»»

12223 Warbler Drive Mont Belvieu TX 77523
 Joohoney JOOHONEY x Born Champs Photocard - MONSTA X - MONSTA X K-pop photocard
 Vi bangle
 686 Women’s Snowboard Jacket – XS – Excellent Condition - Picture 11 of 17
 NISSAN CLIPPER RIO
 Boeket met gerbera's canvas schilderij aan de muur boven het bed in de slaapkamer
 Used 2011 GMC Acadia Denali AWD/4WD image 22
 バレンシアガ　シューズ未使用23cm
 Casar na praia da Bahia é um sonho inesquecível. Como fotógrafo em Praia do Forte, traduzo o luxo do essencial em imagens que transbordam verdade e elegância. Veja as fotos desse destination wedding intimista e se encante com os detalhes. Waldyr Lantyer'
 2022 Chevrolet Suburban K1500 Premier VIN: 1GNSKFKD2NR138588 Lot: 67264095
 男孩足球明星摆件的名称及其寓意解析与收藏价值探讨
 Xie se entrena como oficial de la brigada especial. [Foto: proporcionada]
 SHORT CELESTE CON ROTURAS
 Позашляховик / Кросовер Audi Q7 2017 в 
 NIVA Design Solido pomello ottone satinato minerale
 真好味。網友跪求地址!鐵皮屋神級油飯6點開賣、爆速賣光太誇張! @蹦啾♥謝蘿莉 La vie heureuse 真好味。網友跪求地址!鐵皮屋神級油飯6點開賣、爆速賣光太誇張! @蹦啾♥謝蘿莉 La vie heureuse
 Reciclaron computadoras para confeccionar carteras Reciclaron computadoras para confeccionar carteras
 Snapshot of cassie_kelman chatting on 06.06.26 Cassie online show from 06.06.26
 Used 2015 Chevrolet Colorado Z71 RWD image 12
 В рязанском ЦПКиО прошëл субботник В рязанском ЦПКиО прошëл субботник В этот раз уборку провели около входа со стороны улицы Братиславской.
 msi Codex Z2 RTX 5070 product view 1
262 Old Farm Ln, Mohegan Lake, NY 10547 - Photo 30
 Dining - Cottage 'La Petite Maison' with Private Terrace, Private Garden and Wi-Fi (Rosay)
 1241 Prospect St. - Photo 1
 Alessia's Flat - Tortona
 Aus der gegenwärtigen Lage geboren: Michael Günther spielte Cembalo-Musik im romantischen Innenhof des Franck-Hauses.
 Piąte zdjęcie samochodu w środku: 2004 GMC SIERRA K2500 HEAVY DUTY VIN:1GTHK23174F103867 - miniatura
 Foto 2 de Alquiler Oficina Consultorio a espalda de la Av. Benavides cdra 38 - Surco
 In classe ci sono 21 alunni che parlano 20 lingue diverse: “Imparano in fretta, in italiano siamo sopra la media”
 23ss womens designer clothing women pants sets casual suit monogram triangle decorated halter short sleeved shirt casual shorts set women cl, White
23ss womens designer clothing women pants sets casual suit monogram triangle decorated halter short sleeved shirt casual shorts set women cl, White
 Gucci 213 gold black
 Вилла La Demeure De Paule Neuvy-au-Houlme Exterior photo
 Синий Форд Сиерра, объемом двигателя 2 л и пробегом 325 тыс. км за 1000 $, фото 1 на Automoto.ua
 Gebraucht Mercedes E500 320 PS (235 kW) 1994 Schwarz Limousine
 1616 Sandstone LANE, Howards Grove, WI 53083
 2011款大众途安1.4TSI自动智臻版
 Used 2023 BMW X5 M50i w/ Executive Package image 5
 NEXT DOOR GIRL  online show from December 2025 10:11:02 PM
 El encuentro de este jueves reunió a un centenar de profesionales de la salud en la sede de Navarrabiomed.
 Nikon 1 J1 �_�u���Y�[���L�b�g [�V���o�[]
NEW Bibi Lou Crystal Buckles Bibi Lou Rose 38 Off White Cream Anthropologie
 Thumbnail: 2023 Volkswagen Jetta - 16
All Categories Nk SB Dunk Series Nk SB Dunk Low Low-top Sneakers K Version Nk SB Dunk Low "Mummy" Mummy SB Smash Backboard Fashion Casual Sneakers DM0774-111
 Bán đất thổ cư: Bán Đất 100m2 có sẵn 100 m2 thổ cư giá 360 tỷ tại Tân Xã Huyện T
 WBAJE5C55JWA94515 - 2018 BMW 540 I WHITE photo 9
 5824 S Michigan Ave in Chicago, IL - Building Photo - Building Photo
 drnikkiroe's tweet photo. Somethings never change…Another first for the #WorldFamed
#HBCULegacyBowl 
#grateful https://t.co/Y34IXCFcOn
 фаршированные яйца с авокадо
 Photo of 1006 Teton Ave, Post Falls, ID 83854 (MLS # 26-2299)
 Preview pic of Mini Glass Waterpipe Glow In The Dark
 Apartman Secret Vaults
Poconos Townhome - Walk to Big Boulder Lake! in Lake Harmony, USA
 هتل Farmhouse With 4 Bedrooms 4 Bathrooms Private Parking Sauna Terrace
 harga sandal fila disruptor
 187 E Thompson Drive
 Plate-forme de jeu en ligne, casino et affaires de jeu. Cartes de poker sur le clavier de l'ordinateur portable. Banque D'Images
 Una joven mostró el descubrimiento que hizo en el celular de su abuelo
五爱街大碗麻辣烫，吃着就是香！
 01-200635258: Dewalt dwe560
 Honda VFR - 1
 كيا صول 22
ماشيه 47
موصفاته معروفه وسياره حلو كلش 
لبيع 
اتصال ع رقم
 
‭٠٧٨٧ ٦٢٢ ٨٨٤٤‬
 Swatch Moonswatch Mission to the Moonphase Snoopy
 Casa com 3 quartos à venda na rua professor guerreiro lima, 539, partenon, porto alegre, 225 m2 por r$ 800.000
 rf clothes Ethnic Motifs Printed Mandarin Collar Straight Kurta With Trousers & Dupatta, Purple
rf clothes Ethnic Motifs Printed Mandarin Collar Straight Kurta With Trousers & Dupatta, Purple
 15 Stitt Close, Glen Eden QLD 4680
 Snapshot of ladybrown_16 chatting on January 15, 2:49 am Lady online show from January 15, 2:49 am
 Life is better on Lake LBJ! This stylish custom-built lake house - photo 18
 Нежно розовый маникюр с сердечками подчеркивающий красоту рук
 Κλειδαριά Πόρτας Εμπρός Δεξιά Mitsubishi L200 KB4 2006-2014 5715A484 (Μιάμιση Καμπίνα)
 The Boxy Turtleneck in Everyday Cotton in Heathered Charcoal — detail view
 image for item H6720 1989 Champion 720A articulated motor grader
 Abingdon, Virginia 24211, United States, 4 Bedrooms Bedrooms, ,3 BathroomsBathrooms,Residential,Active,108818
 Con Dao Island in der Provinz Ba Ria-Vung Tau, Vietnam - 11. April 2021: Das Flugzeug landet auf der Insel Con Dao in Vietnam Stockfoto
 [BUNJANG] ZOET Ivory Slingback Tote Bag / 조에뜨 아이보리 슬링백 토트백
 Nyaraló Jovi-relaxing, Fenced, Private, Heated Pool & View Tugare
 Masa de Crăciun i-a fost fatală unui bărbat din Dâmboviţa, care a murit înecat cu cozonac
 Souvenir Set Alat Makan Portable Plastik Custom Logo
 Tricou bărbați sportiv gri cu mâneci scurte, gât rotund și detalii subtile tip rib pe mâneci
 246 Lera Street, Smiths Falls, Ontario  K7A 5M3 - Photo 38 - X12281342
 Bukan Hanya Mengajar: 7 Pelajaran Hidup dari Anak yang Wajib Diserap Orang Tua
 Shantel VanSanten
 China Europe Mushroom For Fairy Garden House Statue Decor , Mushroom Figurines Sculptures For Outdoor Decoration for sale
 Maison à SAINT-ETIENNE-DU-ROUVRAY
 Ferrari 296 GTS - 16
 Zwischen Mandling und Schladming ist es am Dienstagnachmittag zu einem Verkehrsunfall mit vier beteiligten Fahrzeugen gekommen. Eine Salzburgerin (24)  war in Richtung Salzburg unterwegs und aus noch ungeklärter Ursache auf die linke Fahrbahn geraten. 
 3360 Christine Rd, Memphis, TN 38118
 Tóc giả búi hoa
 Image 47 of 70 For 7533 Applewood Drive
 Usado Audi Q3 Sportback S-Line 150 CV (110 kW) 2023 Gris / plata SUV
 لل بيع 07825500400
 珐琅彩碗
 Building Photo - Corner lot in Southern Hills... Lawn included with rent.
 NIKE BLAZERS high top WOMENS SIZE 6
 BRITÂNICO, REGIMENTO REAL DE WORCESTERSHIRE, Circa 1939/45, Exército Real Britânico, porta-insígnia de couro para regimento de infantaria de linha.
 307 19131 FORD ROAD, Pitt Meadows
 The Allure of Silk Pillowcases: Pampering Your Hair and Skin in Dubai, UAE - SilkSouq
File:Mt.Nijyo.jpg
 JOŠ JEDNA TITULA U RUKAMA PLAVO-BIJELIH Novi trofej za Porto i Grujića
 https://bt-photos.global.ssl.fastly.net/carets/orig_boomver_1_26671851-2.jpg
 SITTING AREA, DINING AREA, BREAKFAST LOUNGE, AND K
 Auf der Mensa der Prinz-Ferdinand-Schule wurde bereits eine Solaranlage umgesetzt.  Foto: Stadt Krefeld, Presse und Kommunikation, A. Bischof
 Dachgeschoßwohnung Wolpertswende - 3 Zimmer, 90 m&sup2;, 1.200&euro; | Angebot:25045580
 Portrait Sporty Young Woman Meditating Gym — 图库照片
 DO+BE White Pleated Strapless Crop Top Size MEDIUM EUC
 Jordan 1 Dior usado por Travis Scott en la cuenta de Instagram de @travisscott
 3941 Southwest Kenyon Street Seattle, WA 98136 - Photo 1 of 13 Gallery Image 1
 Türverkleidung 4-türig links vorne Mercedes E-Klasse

««

*Work to complete*.
A verbatim copy of the listing above, starting from the line with "Image 47 of 70 For 7533 Applewood Drive" and running to its last line, is the only output needed.

*Response*.
 Image 47 of 70 For 7533 Applewood Drive
 Usado Audi Q3 Sportback S-Line 150 CV (110 kW) 2023 Gris / plata SUV
 لل بيع 07825500400
 珐琅彩碗
 Building Photo - Corner lot in Southern Hills... Lawn included with rent.
 NIKE BLAZERS high top WOMENS SIZE 6
 BRITÂNICO, REGIMENTO REAL DE WORCESTERSHIRE, Circa 1939/45, Exército Real Britânico, porta-insígnia de couro para regimento de infantaria de linha.
 307 19131 FORD ROAD, Pitt Meadows
 The Allure of Silk Pillowcases: Pampering Your Hair and Skin in Dubai, UAE - SilkSouq
File:Mt.Nijyo.jpg
 JOŠ JEDNA TITULA U RUKAMA PLAVO-BIJELIH Novi trofej za Porto i Grujića
 https://bt-photos.global.ssl.fastly.net/carets/orig_boomver_1_26671851-2.jpg
 SITTING AREA, DINING AREA, BREAKFAST LOUNGE, AND K
 Auf der Mensa der Prinz-Ferdinand-Schule wurde bereits eine Solaranlage umgesetzt.  Foto: Stadt Krefeld, Presse und Kommunikation, A. Bischof
 Dachgeschoßwohnung Wolpertswende - 3 Zimmer, 90 m&sup2;, 1.200&euro; | Angebot:25045580
 Portrait Sporty Young Woman Meditating Gym — 图库照片
 DO+BE White Pleated Strapless Crop Top Size MEDIUM EUC
 Jordan 1 Dior usado por Travis Scott en la cuenta de Instagram de @travisscott
 3941 Southwest Kenyon Street Seattle, WA 98136 - Photo 1 of 13 Gallery Image 1
 Türverkleidung 4-türig links vorne Mercedes E-Klasse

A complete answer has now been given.